Thursday 30 July 2015

Third Test, Day 2: Repent! The End Is Nigh!


 

 

Ashes 2015

 

Third Test: Day 2; The End is Nigh!

 

July 30th 2015

 

 

Before the Test started I suggested the following revolutionary thought that, despite England’s miserable capitulation at Lord’s:

Australia are still vulnerable”.

Two truncated days of cricket later – only 158.5 overs of a potential 188 have been bowled, equivalent to a fraction under 5 sessions – and the match would have been over already without a valiant rearguard action from a player who many of the Australian team reportedly did not want to see in the side and another who every Englishman loves to hate. Without it Australia would have lost in two days for the first time in over 120 years and, most likely by an innings.

It is not quite what you would have predicted when England staggered drunkenly to 190-7 about 40 minutes before Lunch, with Australia apparently right back in the game.

It all looked so easy before the start of play. Take advantage of excellent batting conditions. Grind Australia down. Score 400.

Enter Mitch…

Exit Jonny Bairstow and Ben Stokes in a single, supercharged over.

It was the sort of devastating response that Australia had required the previous afternoon instead of when England were already ahead.

Then, something unexpected happened. In came Stuart Broad. A fired-up Mitch Johnson with the ball. How long would it take him to deliver a straight one? Somehow Broad survived and runs started to flow more quickly. And then, after Lunch, a fully-fledged and brutal counter-attack: 37 runs from the first five overs.

Moeen Ali and Stuart Broad undid all Australia’s good work of the morning and showed that the talk about attack was not just talk. Australia looked very ordinary. Heads dropped. Australia looked defeated.

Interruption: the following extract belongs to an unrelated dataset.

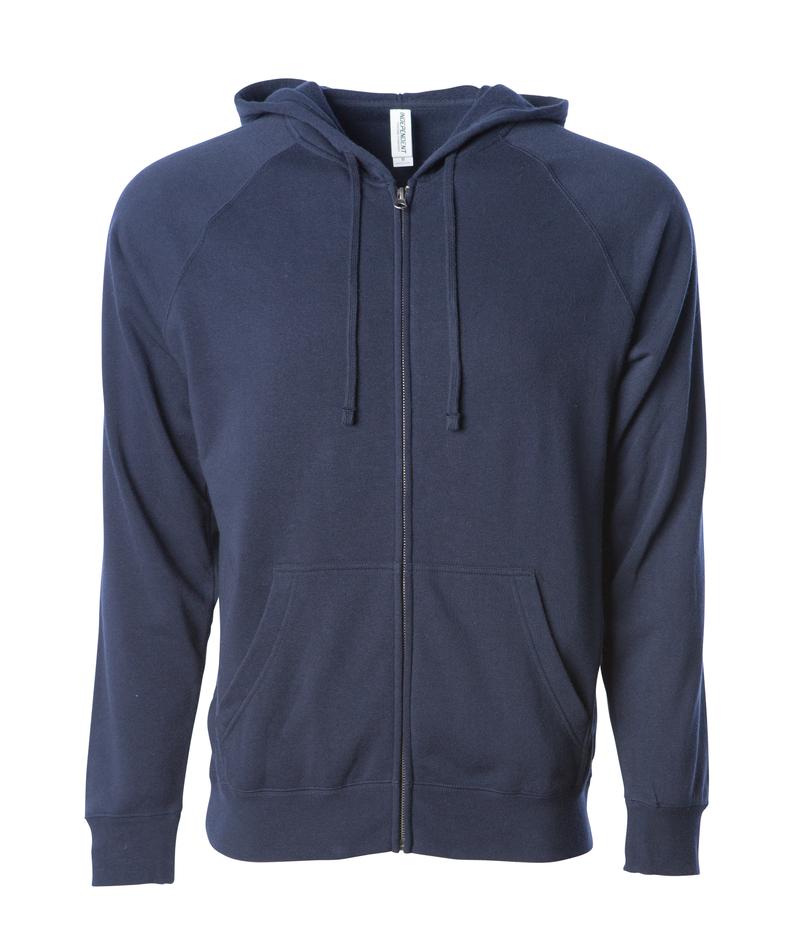 Independent Trading Unisex Special Blend Zip Hooded Raglan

A lead of 145 was far fewer than it should have been but, even so, was a mountain to climb. Logic though has been out to lunch in this series.

Lose Chris Rogers early? No problem! David Warner smashed the ball to all parts. Australia were scoring at 5-an-over and looking at a substantial lead by the Close and setting England a challenging target on the third day.

Expect the unexpected. Most England fans thought that picking Steve Finn was a terrible risk, so he proceeded to wipe out what most consider to be the best batting line-up in the world: Smith, Clarke, Voges, Marsh. 5-45. Merci beaucoup.

Well as Finn and England bowled, you had to think that Australia’s batting showed all the strength and character of melting ice cream, as Neville and Mitch Johnson demonstrated by batting solidly for almost eighteen overs and putting Australia into the lead.

Effectively 23-7, Australia need at least one hundred more from the tail in the morning. All logic says that England will win before Lunch but, then, logic hasn’t had a great match so far, has it?

Mitch-watch: 3, 16-2-66-2 and 14.

It has been an odd match for Mitch. An amazing over early in the morning that got Australia back into the match. Sensible batting in the evening that saved them from a likely innings defeat. And not much in between.